Mual dan muntah yang berlebihan akan menyebabkan tubuh Mama kehilangan banyak cairan. Pada akhirnya ini memicu dehidrasi dan gangguan elektrolit.

Jika dibiarkan, dehidrasi dan gangguan elektrolit dapat menyebabkan deep vein thrombosis pada ibu hamil.

Selain itu, hyperemesis gravidarum juga bisa menimbulkan komplikasi seperti:

  • Kekurangan nutrisi,

  • Gangguan fungsi hati serta ginjal,

  • Sindrom Mallory-Weiss, robekan pada dinding kerongkongan dan menyebabkan muntah darah,

  • Gangguan kecemasan dan depresi,

  • Organ tubuh gagal berfungsi,

  • Persalinan prematur.

Apakah hyperemesis Gravidarum Dapat Dicegah?

Freepik/benzoix

Hingga kini, belum ditemukan cara untuk mencegah hyperemesis gravidarum. Mama dapat melakukan beberapa hal untuk meredakan mual dan muntah agar tidak berkembang jadi makin parah.

Berikut beberapa hal yang bisa dilakukan:

  • Perbanyak minum air putih untuk mencegah dehidrasi,

  • Konsumsi teh jahe untuk meredakan mual dan menghangatkan tubuh,

  • Penuhi kebutuhan vitamin dan zat besi selama hamil,

  • Istirahat cukup, hindari stres dan kelelahan,

  • Konsumsi makanan tinggi protein, rendah lemak, dan bertekstur halus agar mudah ditelan dan dicerna,

  • Konsumsi makanan dalam porsi kecil tetapi sering,

  • Hindari makanan berminyak, pedas, atau berbau tajam, yang dapat memicu rasa mual,

  • Gunakan aromaterapi untuk mengurangi mual di pagi hari.
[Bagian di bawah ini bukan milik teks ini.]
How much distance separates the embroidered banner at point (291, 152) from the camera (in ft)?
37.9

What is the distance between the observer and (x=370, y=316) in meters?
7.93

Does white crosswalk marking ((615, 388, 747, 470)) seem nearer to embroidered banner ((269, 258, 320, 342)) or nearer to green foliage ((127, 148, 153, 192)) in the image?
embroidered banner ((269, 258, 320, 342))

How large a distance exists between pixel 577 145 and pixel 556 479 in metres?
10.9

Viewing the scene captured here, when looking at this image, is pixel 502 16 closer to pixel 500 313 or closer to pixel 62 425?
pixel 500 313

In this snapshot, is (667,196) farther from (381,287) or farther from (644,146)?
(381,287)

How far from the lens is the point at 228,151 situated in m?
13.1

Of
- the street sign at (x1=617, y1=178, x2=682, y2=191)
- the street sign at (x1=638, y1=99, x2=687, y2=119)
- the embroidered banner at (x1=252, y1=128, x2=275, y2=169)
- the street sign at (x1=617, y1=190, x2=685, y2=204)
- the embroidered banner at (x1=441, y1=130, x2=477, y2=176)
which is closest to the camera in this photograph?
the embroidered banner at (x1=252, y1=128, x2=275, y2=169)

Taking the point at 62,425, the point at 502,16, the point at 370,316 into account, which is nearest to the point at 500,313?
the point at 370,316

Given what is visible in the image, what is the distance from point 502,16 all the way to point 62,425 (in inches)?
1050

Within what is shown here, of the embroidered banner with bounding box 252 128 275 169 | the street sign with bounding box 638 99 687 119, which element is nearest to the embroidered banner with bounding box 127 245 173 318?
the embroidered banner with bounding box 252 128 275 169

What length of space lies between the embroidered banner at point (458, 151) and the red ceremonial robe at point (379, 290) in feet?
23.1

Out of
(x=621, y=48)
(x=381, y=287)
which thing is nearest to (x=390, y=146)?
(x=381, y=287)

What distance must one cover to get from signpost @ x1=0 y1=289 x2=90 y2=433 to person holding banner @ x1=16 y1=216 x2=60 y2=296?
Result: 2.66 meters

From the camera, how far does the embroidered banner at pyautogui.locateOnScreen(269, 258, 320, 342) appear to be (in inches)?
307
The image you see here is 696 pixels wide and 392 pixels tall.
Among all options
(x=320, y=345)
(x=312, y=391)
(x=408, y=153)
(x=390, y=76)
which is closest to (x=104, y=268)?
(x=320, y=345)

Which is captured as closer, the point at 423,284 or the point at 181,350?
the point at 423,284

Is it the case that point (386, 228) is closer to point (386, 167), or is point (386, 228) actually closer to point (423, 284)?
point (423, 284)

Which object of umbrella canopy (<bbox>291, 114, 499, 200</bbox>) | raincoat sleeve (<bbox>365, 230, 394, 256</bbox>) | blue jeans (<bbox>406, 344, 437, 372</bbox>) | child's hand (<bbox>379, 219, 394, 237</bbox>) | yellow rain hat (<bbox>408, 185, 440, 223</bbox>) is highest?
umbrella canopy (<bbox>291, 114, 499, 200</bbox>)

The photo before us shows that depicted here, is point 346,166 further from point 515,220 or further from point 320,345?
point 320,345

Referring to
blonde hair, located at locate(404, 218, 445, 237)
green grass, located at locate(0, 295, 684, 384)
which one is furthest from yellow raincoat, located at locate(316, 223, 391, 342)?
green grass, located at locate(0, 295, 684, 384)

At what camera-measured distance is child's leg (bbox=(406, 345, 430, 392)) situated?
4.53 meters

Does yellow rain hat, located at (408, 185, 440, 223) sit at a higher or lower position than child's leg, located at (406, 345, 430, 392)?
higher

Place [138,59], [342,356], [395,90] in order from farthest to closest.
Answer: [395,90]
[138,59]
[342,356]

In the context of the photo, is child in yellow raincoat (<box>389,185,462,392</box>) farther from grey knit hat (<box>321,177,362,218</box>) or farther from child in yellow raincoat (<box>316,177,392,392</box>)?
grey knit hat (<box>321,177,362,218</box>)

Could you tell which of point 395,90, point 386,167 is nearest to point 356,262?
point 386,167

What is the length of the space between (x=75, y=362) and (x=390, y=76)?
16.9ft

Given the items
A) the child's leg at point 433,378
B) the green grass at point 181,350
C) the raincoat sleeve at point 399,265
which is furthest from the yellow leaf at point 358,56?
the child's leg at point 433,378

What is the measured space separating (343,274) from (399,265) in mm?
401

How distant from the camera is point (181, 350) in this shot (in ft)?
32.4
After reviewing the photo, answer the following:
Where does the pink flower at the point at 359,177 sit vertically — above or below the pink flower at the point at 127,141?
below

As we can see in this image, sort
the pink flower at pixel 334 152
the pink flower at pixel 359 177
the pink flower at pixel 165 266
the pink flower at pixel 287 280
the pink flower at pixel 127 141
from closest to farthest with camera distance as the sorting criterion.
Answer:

Jika Mama mengalami mual dan muntah berlebihan, ada kemungkinan Mama mengalami kondisi yang disebut hyperemesis gravidarum. Segera periksakan diri ke dokter agar dilakukan perawatan yang tepat bagi janin dan Mama.

Nah itu penjelasan tentang kapan ibu hamil harus ke dokter jika mengalami hyperemesis gravidarum. Penanganan yang cepat dan tepat dapat menurunkan risikonya bagi Mama dan janin.